Williams followed this up with a disappointing 2011 season in which he broke his leg and ankle and had only 18 catches.

He was released by the Seattle Seahawks on July 13, 2012.

===Toronto Argonauts===
On May 23, 2013, Williams signed with the Toronto Argonauts of the Canadian Football League.

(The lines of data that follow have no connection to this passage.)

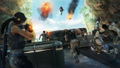 Fuse thumbnail 13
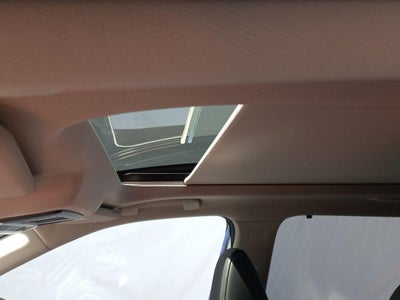 2023 Nissan X-TRAIL PLATINUM 2 FILAS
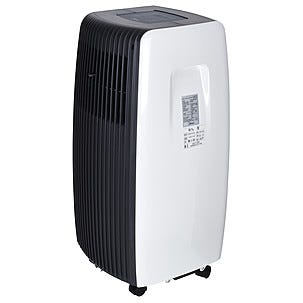 Luftkonditionering Comfee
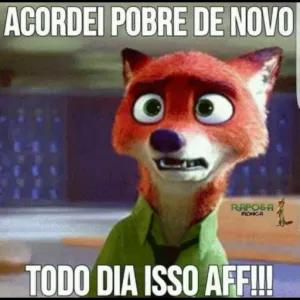 nVBrRU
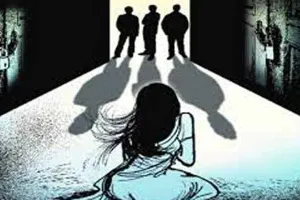 हैदराबाद एनकाउंटर की घटना याद है? जानें क्या हुआ उन पुलिस कर्मियों का।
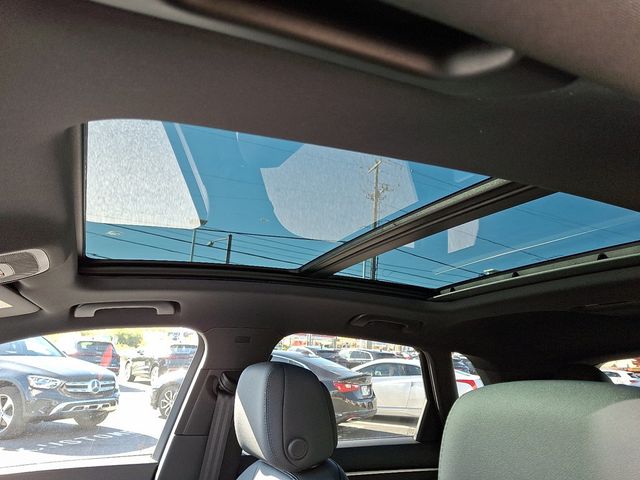 2025 Audi Q3 S line Premium 45 TFSI quattro - 22937542 - 12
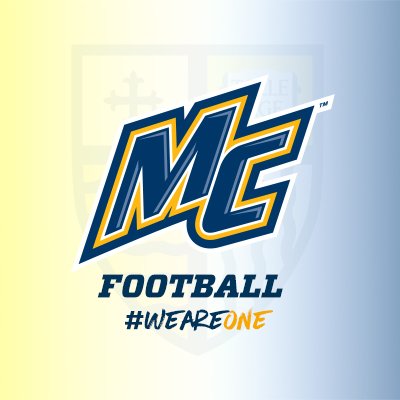 Excited to compete <a href="/Merrimack_FB/">Merrimack Football</a> camp this morning. <a href="/SHS_RedStormFB/">Scarborough Red Storm Football</a> <a href="/artboy52/">Eamon White</a> <a href="/coachd_tgk/">Coach D</a> <a href="/CoachGennettiMC/">Mike Gennetti</a> <a href="/CoachGeeWhite/">Gee White</a> <a href="/CoachKreinsen/">Coach K</a> <a href="/Coach_Lebeau/">Jason Lebeau</a>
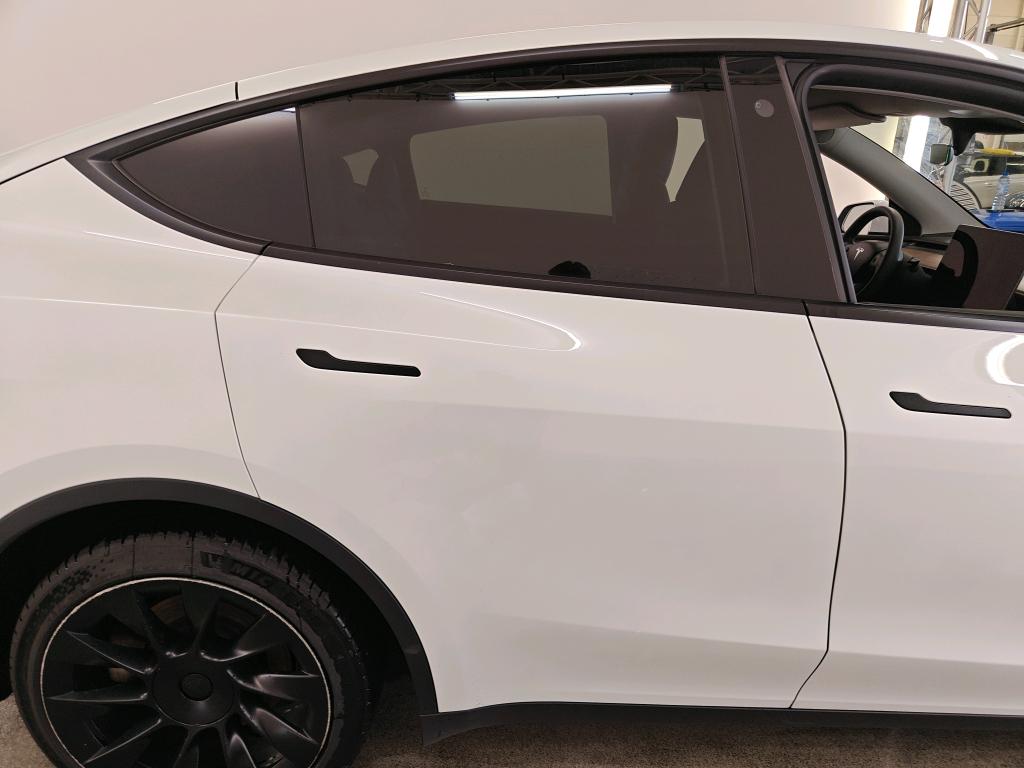 Photo 23 of Tesla Model Y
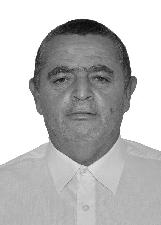 Foto de LEONEL CARDOSO OLIVEIRA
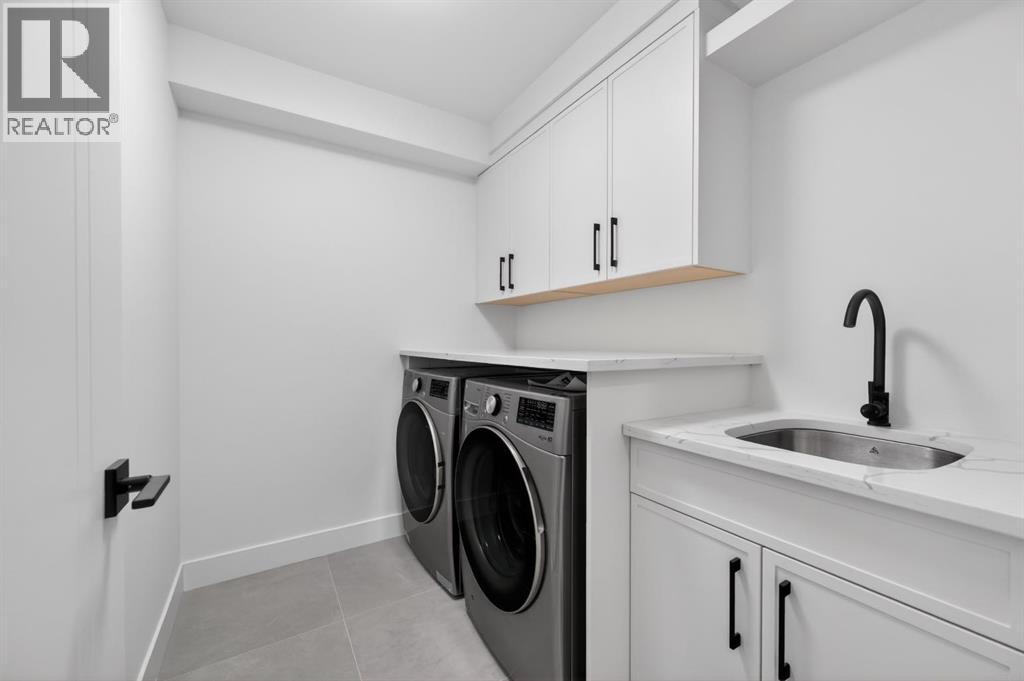 3114 4a Street Nw, Calgary, Alberta  T2M 3B4 - Photo 19 - A2301842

He was released by the team on May 31.

==Career statistics==

===NFL===

| Year | Team | G | Rec | Yards | Y/R | TD | LNG |
|---|---|---|---|---|---|---|---|
| 2005 | Detroit Lions | 14 | 29 | 350 | 12.1 | 1 | 49 |
| 2006 | Detroit Lions | 8 | 8 | 99 | 12.3 | 1 | 21 |
| 2007 | Oakland Raiders | 6 | 7 | 90 | 12.9 | 0 | 24 |
| 2007 | Tennessee Titans | 2 | 0 | 0 | 0.0 | 0 | 0 |
| 2010 | Seattle Seahawks | 14 | 65 | 751 | 11.6 | 2 | 68 |
| 2011 | Seattle Seahawks | 12 | 18 | 236 | 13.1 | 1 | 55 |
| Total |  | 56 | 127 | 1,526 | 12.0 | 5 | 68 |

===College===

| Year | Team | G | Rec | Yards | Y/R | TD | LNG |
|---|---|---|---|---|---|---|---|
| 2002 | USC Trojans | 13 | 81 | 1,265 | 15.6 | 14 | 55 |
| 2003 | USC Trojans | 13 | 95 | 1,314 | 13.8 | 16 | 40 |

==Career highlights==
College
- Second-team All-Pac-10 (2002)
- Pac-10 Freshman of the Year (2002)
- First-team Sporting News Freshman All-American (2002)
- Honorable mention All-American (2002)
- First-team All-Pac-10 (2003)
- Consensus first-team All-American (2003)
- Biletnikoff Award finalist (2003)
- Heisman Trophy finalist (2003)
- CBS Sportsline.com National Player of the Year (2003)
- Sporting News National Player of the Year (2003)
- Playboy PreSeason All American (2003)
- CBS Sportsline National Player of the Year (2003)
- Set USC and Pac10 Freshman Records for yards (1,265), TDs (14), Recs (81) 2002
- Set Freshman National Records Yards, Recs, TDs(tied) 2002

==Coaching career==
After retiring in 2011, Williams coached defensive backs in his first season of high school in Los Angeles. Williams was both the football and basketball head coach at Brentwood School. In 2014, Williams accepted a position as head coach at Locke High School in Los Angeles. In March 2016, he became the head coach at Van Nuys High School.
Williams accepted the head coaching job at Wharton High School in Tampa, Florida. Accepting the position following the resignation of coach David Mitchell, who stepped away after 14 seasons to deal with family medical issues, he embraces the challenge of coaching in Florida's highest class, 8A.
After 3 seasons a 27–8 record (only 3 road Losses), and 3 playoff appearances. Williams took over at T.R. Robinson HS in South Tampa. In the first season Williams lead the Knights to a regular season win increase and the 2M District 6 Championship, his first after 3 runner up finishes.